Output nothing except the lines from the one containing "Advanced Optical Flow" through the final line of the data, both included, typed exactly, minus the pictures.
○ ○ ○ ○ ○
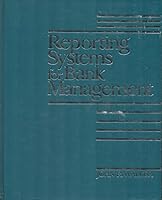 Reporting Systems for Bank Management: Building a Bank Management Information System 0872671062 Book Cover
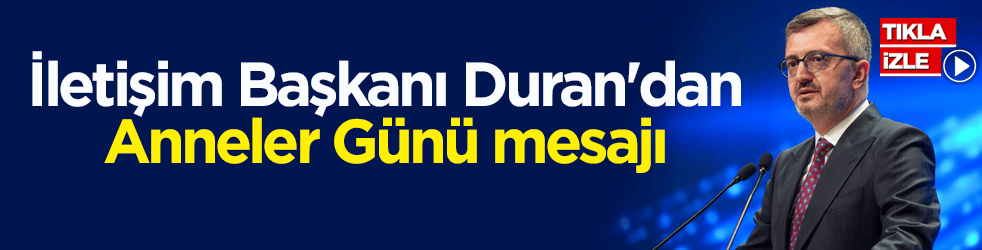 İletişim Başkanı Burhanettin Duran'dan Anneler Günü mesajı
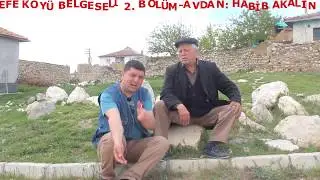 ŞUHUT EFE KÖYÜ BELGESELİ  2. BÖLÜM ( AVDAN) HABİB AKALIN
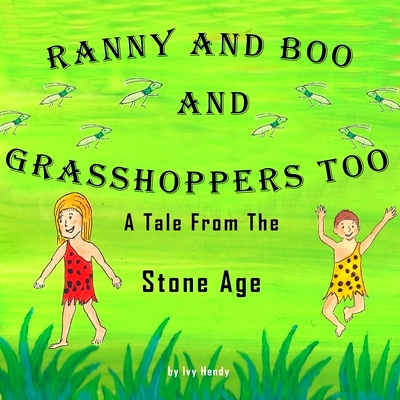 预订 Ranny and Boo and Grasshoppers Too: 9780578671970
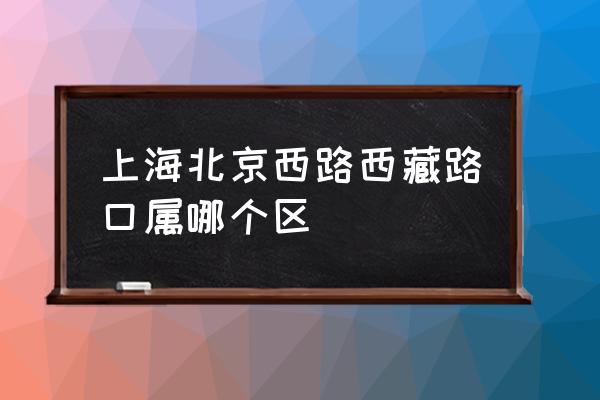 黄浦区北京西路 上海北京西路西藏路口属哪个区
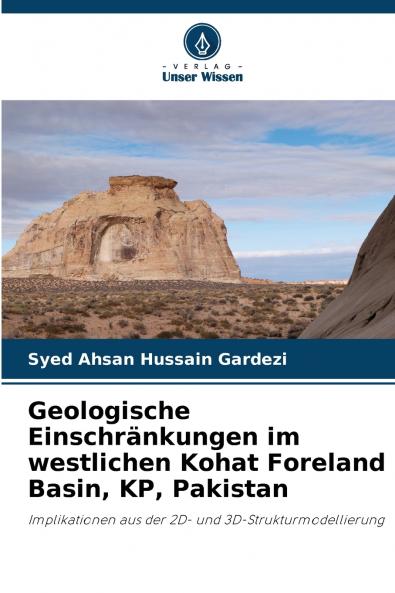Geologische Einschränkungen im westlichen Kohat Foreland Basin KP Pakistan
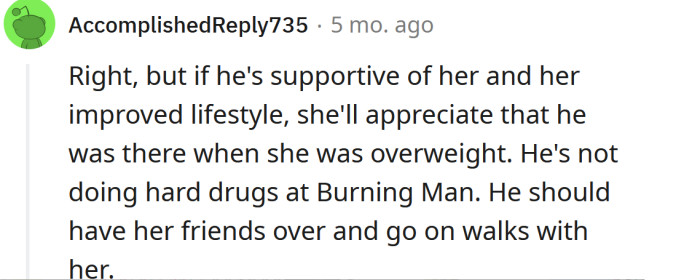 Be supportive of her.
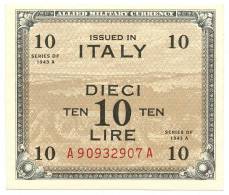 10 LIRE OCCUPAZIONE AMERICANA IN ITALIA BILINGUE FLC A-A 1943 A QFDS - Occupation Alliés Seconde Guerre Mondiale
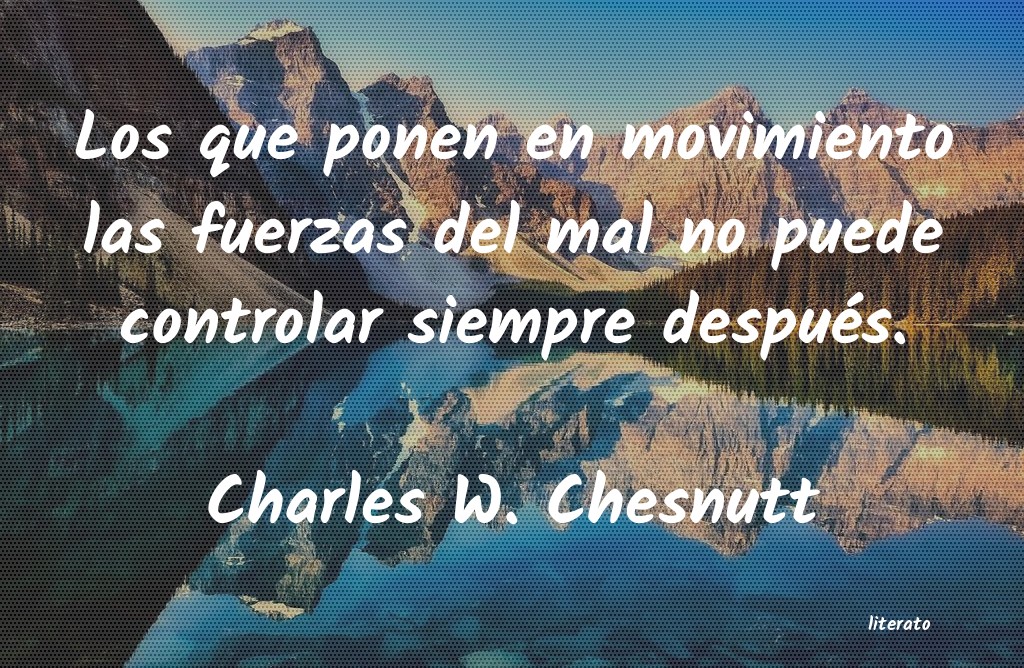 Frases de Charles W. Chesnutt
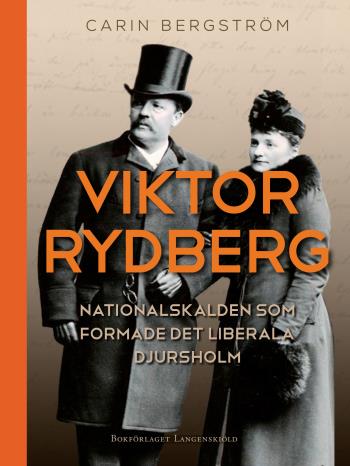 Viktor Rydberg Nationalskalden Som Formade Det Liberala Djursholm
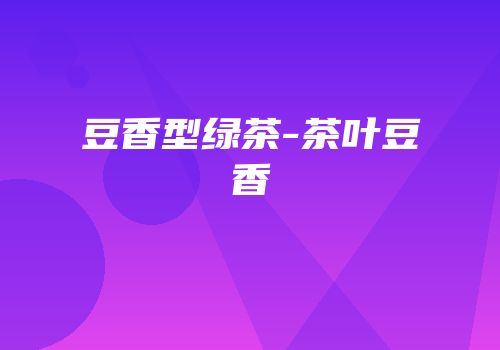 豆香型绿茶-茶叶豆香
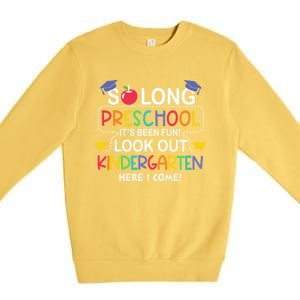 So Long Preschool Its Been Look Out Kindergarten Here I Come Back To School Premium Crewneck Sweatshirt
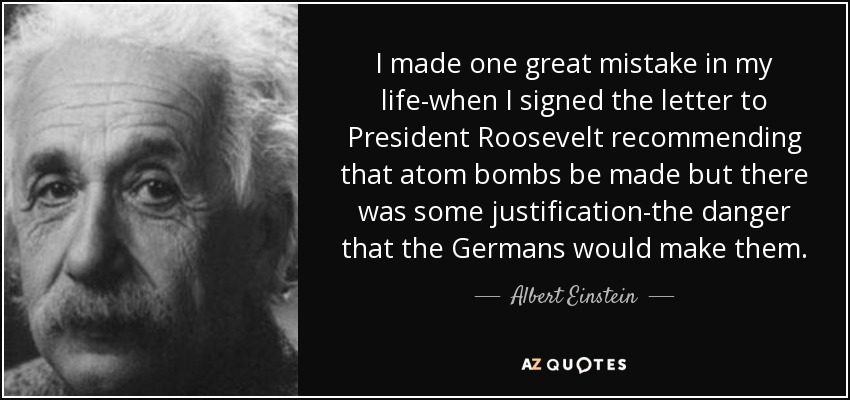 I made one great mistake in my life-when I signed the letter to President Roosevelt recommending that atom bombs be made but there was some justification-the danger that the Germans would make them. - Albert Einstein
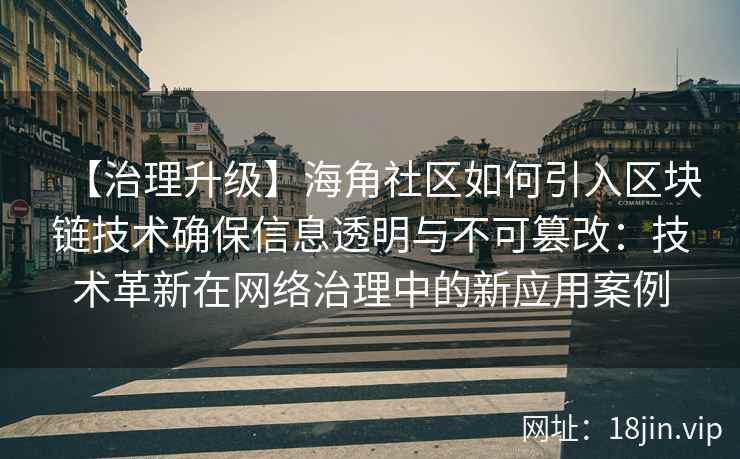 【治理升级】海角社区如何引入区块链技术确保信息透明与不可篡改：技术革新在网络治理中的新应用案例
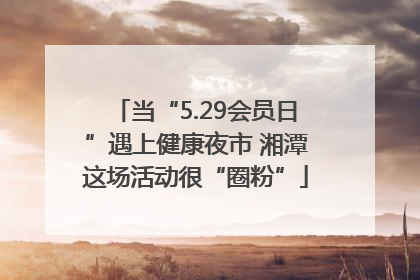 当“5.29会员日”遇上健康夜市 湘潭这场活动很“圈粉”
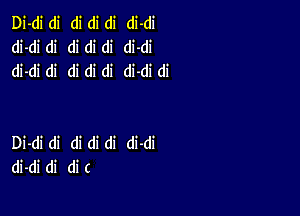 Di-di di di di di di-di
di-di di di di di di-di
di-di di di di di di-di di

Di-di di di di di di-di
di-di di di (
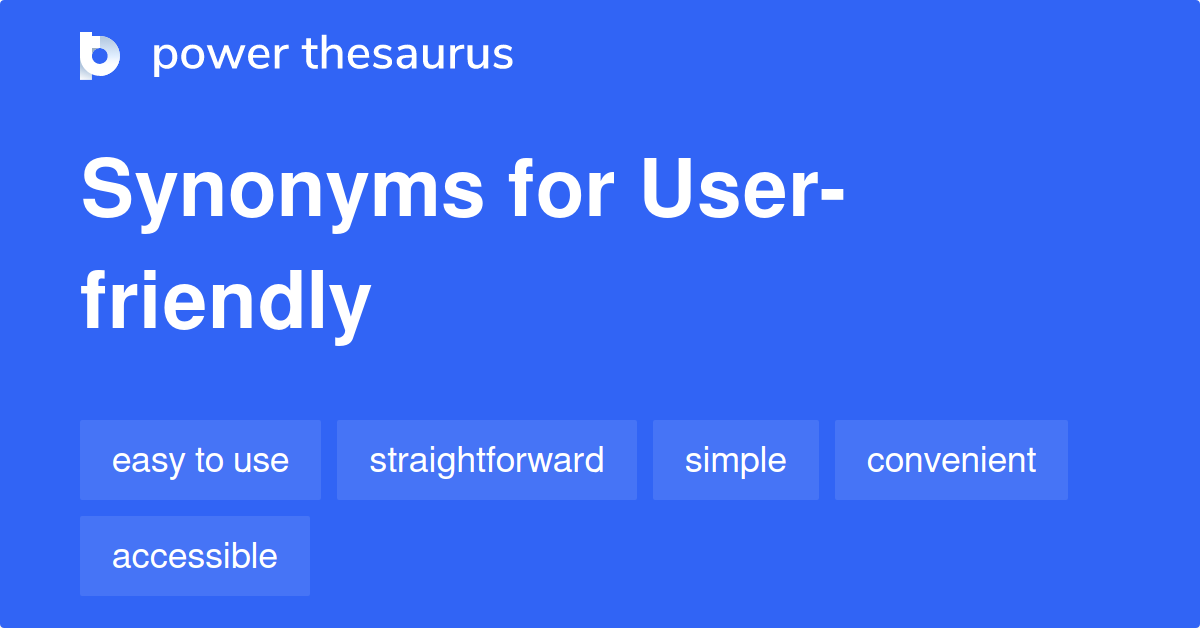 user friendly synonym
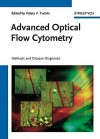 Advanced Optical Flow Cytometry: Methods and Disease Diagnoses - Valery V. Tuchin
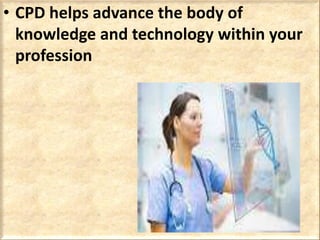 • CPD helps advance the body of
knowledge and technology within your
profession
 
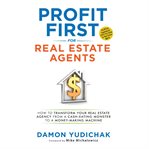 Profit First for Real Estate Agents cover image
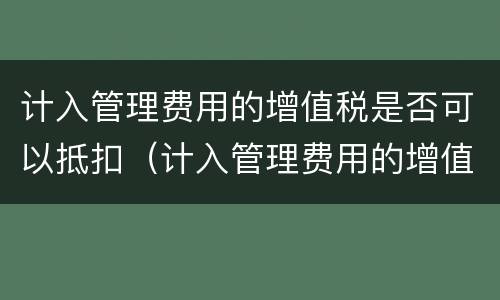 计入管理费用的增值税是否可以抵扣(计入管理费用的增值税是否可以抵扣进项税)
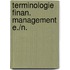 Terminologie finan. management e./n.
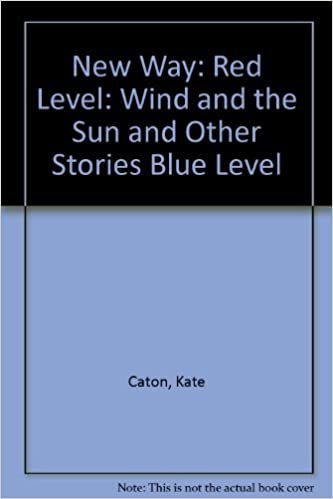 New Way: Red Level: Wind and the Sun and Other Stories Blue Level
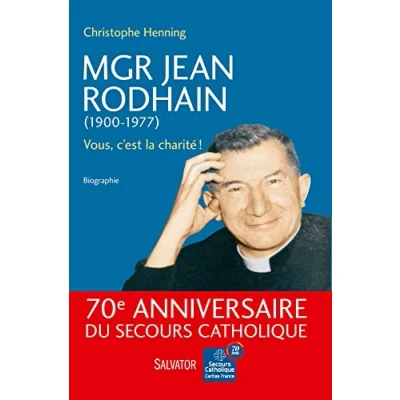 Image de Mgr Jean Rodhain (1900 1977) : Vous, c&#039;est la charité ! Livre d’occasion Bon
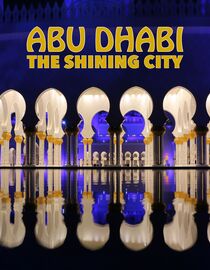 Abu Dhabi: The Shining City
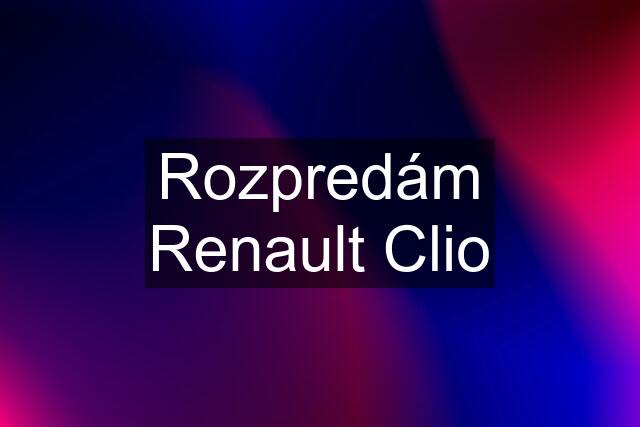 Rozpredám Renault Clio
○ ○ ○ ○ ○
# [Result]
 Advanced Optical Flow Cytometry: Methods and Disease Diagnoses - Valery V. Tuchin
 • CPD helps advance the body of
knowledge and technology within your
profession
 
 Profit First for Real Estate Agents cover image
 计入管理费用的增值税是否可以抵扣(计入管理费用的增值税是否可以抵扣进项税)
 Terminologie finan. management e./n.
 New Way: Red Level: Wind and the Sun and Other Stories Blue Level
 Image de Mgr Jean Rodhain (1900 1977) : Vous, c&#039;est la charité ! Livre d’occasion Bon
 Abu Dhabi: The Shining City
 Rozpredám Renault Clio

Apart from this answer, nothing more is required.